» **WHAT TO DO**:
I'd like the records transcribed exactly, leaving the images out.

[[ MATERIAL PROVIDED, beginning ]]

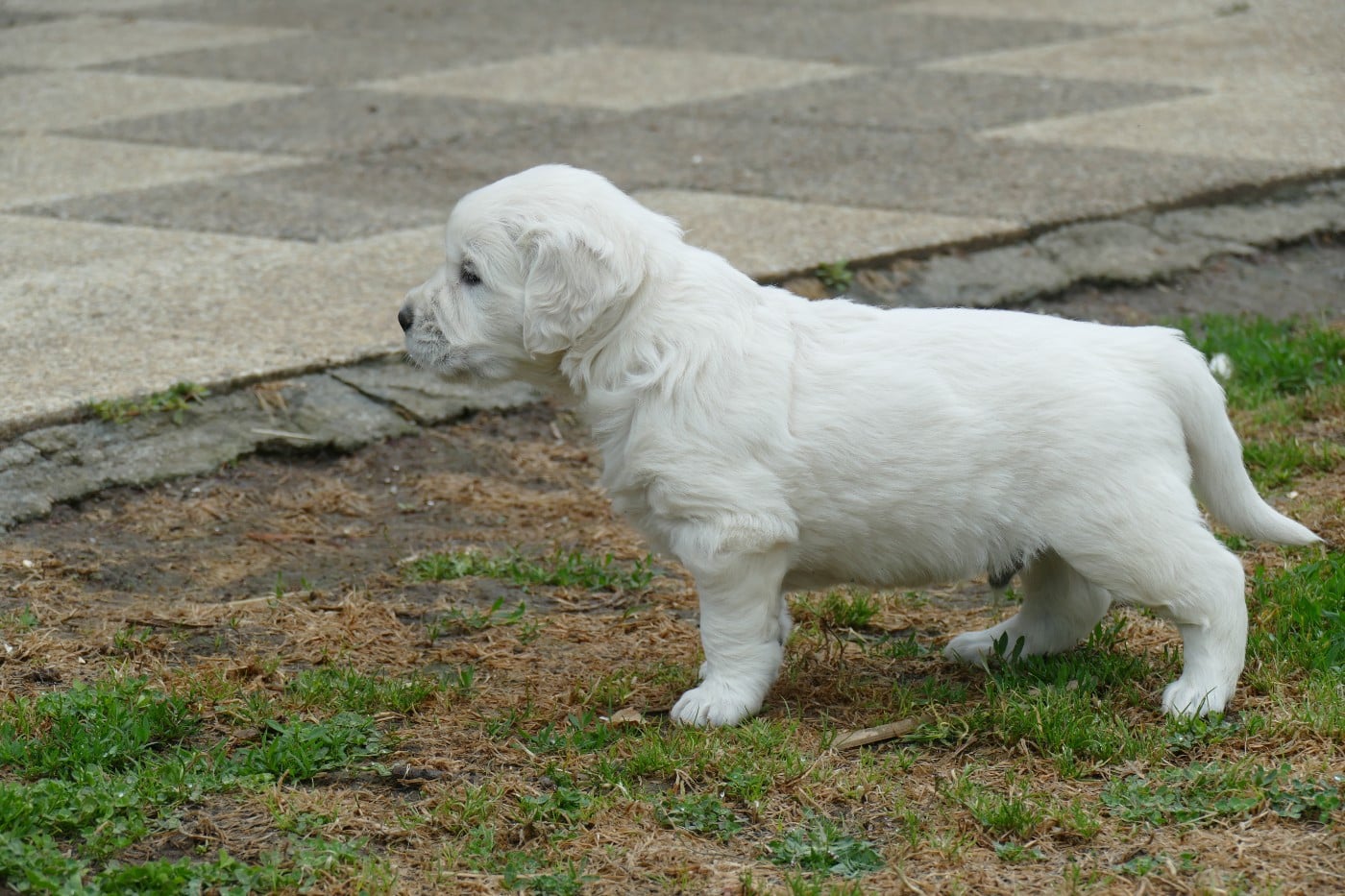 CHIOT 5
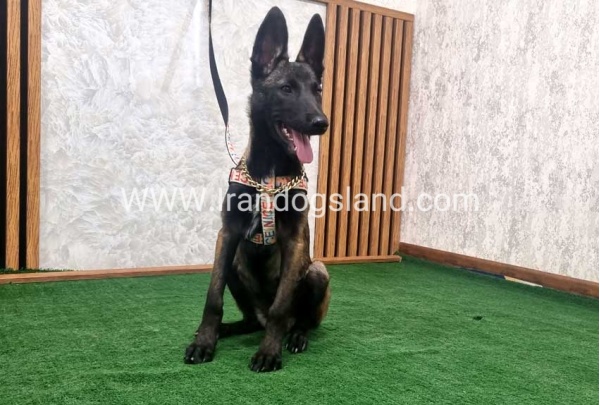 twlh-malynwyz-malinois-422_12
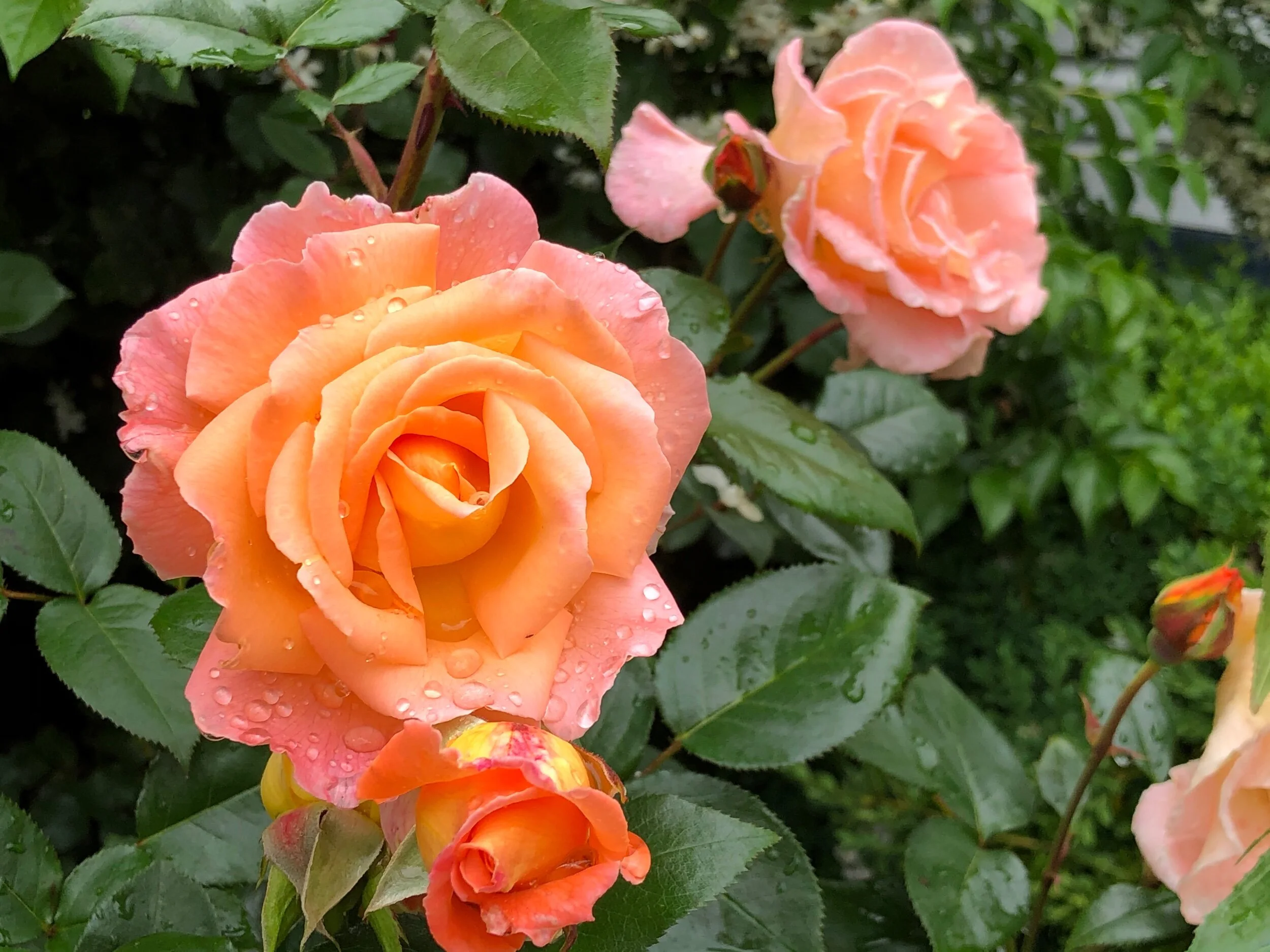 Rosemary Harkness — Select Roses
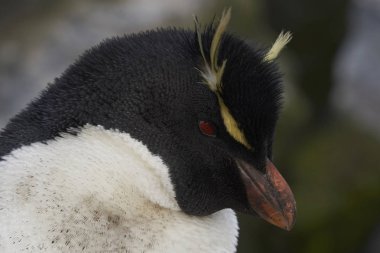 Rockhopper Penguenleri (Eudyptes chrysocome) Falkland Adaları 'ndaki Bleaker Adası' nın kayalıklarında yuvalanırlar.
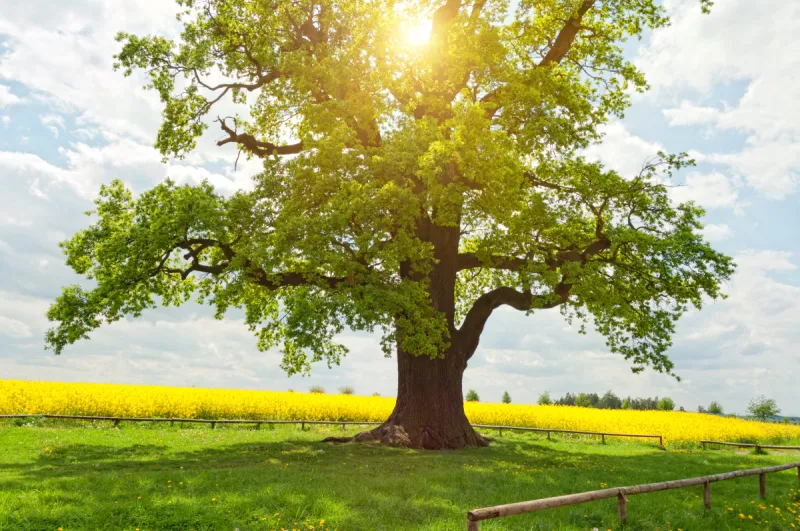 橡树 芸苔 巨大的 一个物体 田地 日光 树干 草地 枝 力量图片素材下载 稿定素材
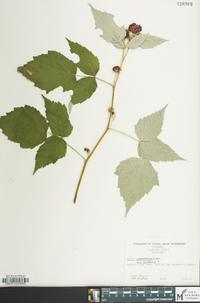 Rubus occidentalis image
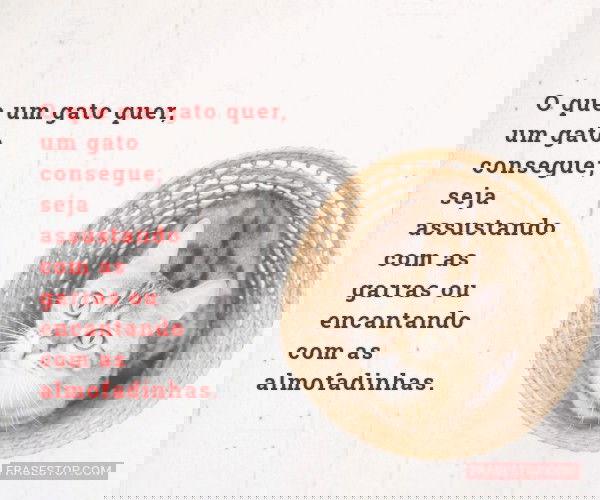 O que um gato quer, um...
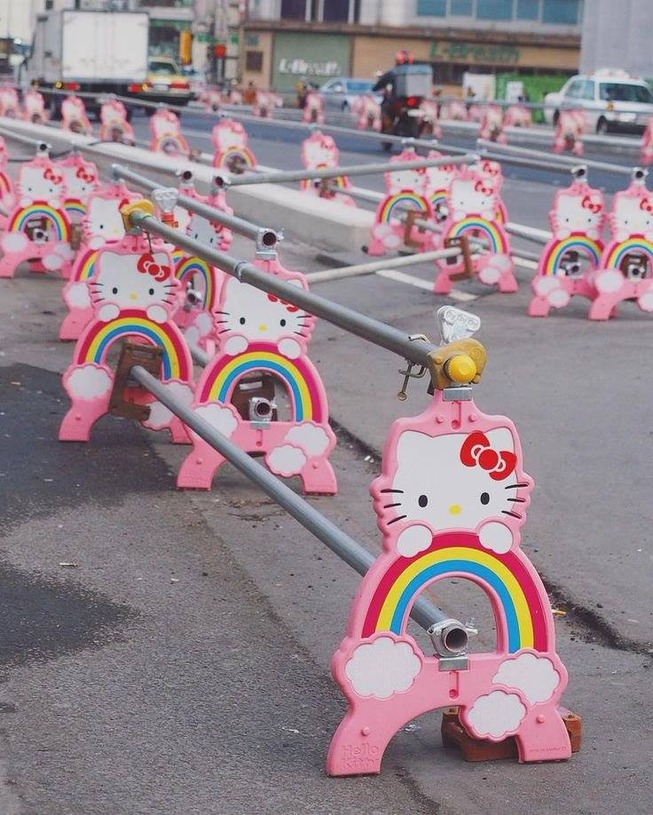 53888994_2572150509479155_1998248914741886976_n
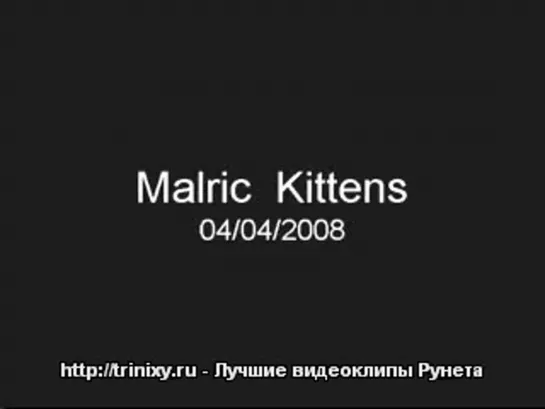 Котята  МеГаПаЗиТиВ !!! / http://antoxa.ucoz.com/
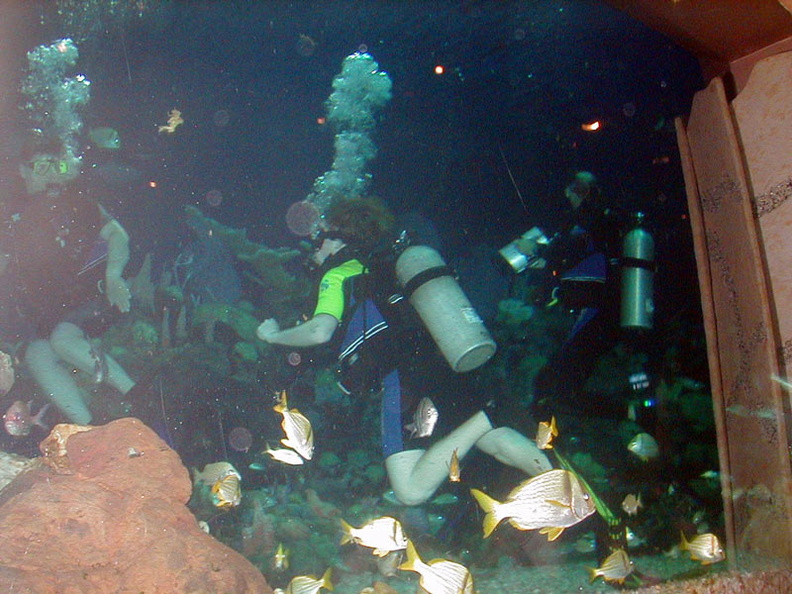 divequest2_001.jpg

[[ MATERIAL PROVIDED, end ]]

» **OUTPUT FOR THIS EXERCISE**:
 CHIOT 5
 twlh-malynwyz-malinois-422_12
 Rosemary Harkness — Select Roses
 Rockhopper Penguenleri (Eudyptes chrysocome) Falkland Adaları 'ndaki Bleaker Adası' nın kayalıklarında yuvalanırlar.
 橡树 芸苔 巨大的 一个物体 田地 日光 树干 草地 枝 力量图片素材下载 稿定素材
 Rubus occidentalis image
 O que um gato quer, um...
 53888994_2572150509479155_1998248914741886976_n
 Котята  МеГаПаЗиТиВ !!! / http://antoxa.ucoz.com/
 divequest2_001.jpg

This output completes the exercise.